= Your objective =
Pictures in the material below are to be left out, and only the lines from the line with "107 Vauxhall Road, Narrow" up to and including the line with "Qatar_Airways_A340-642_A7-AGD_28CDG29.jpg" are to be written out exactly.

= Dataset extract =
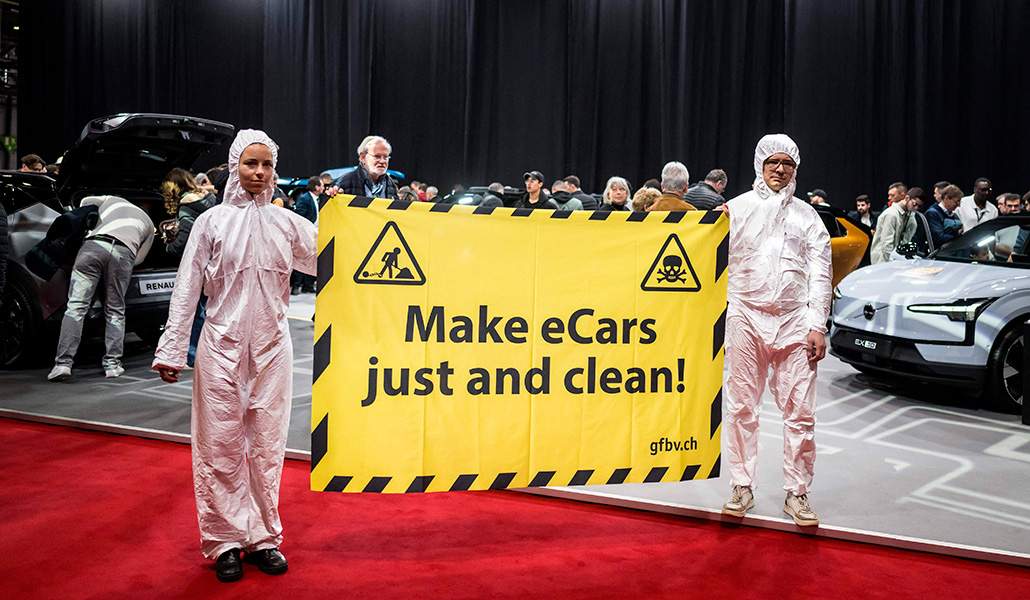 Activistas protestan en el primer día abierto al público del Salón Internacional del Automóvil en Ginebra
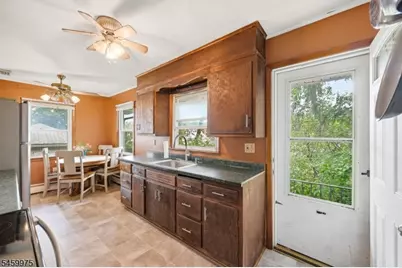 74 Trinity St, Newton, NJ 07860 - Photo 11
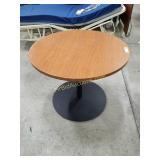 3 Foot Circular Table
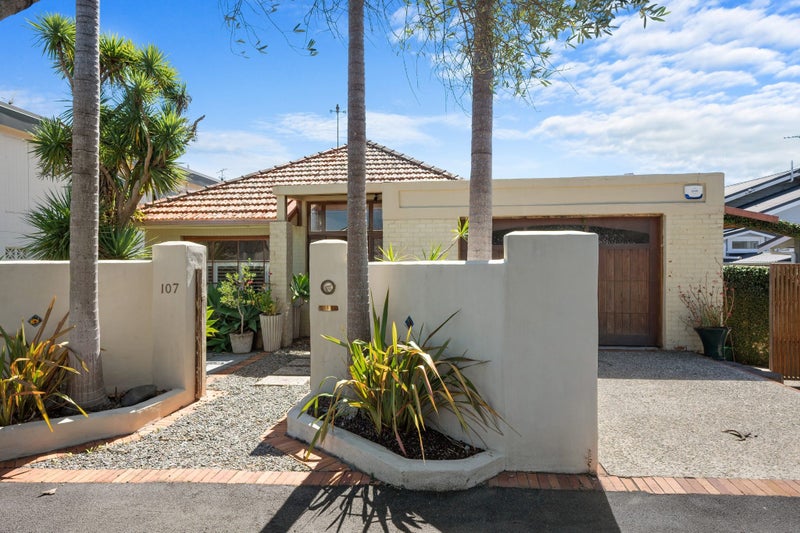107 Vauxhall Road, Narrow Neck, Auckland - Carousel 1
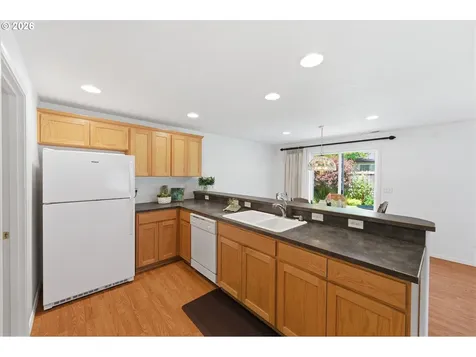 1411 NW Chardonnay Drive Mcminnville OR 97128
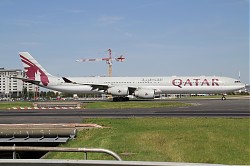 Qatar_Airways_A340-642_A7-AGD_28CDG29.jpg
* * *
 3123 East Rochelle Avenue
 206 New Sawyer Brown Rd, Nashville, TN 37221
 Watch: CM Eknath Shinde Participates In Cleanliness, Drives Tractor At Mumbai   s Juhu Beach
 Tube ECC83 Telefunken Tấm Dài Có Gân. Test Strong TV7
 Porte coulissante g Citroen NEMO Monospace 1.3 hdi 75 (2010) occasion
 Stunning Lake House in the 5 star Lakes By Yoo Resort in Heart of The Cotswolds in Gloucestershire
==
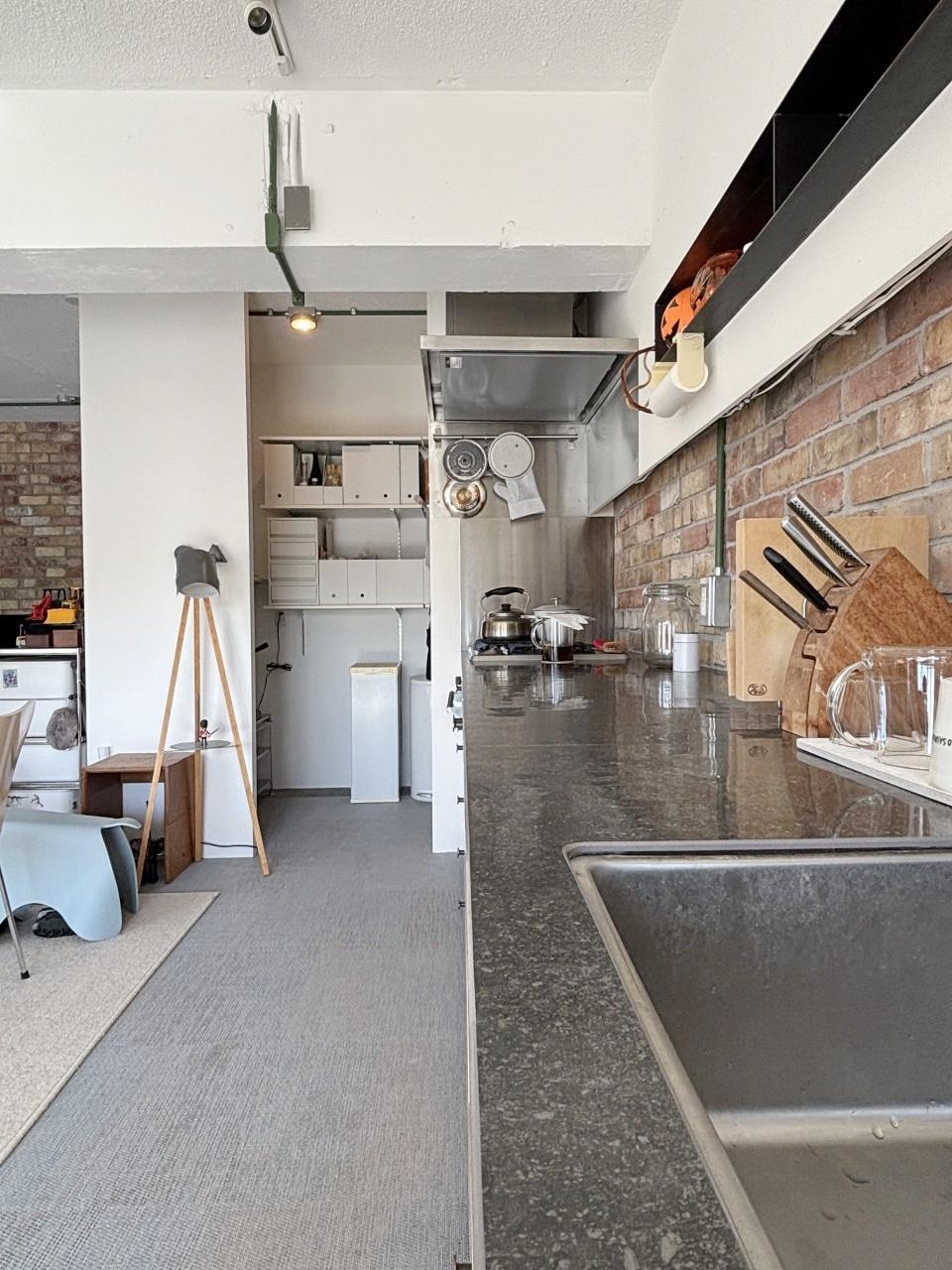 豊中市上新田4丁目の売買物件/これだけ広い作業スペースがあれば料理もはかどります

= Completed task =
107 Vauxhall Road, Narrow Neck, Auckland - Carousel 1
 1411 NW Chardonnay Drive Mcminnville OR 97128
 Qatar_Airways_A340-642_A7-AGD_28CDG29.jpg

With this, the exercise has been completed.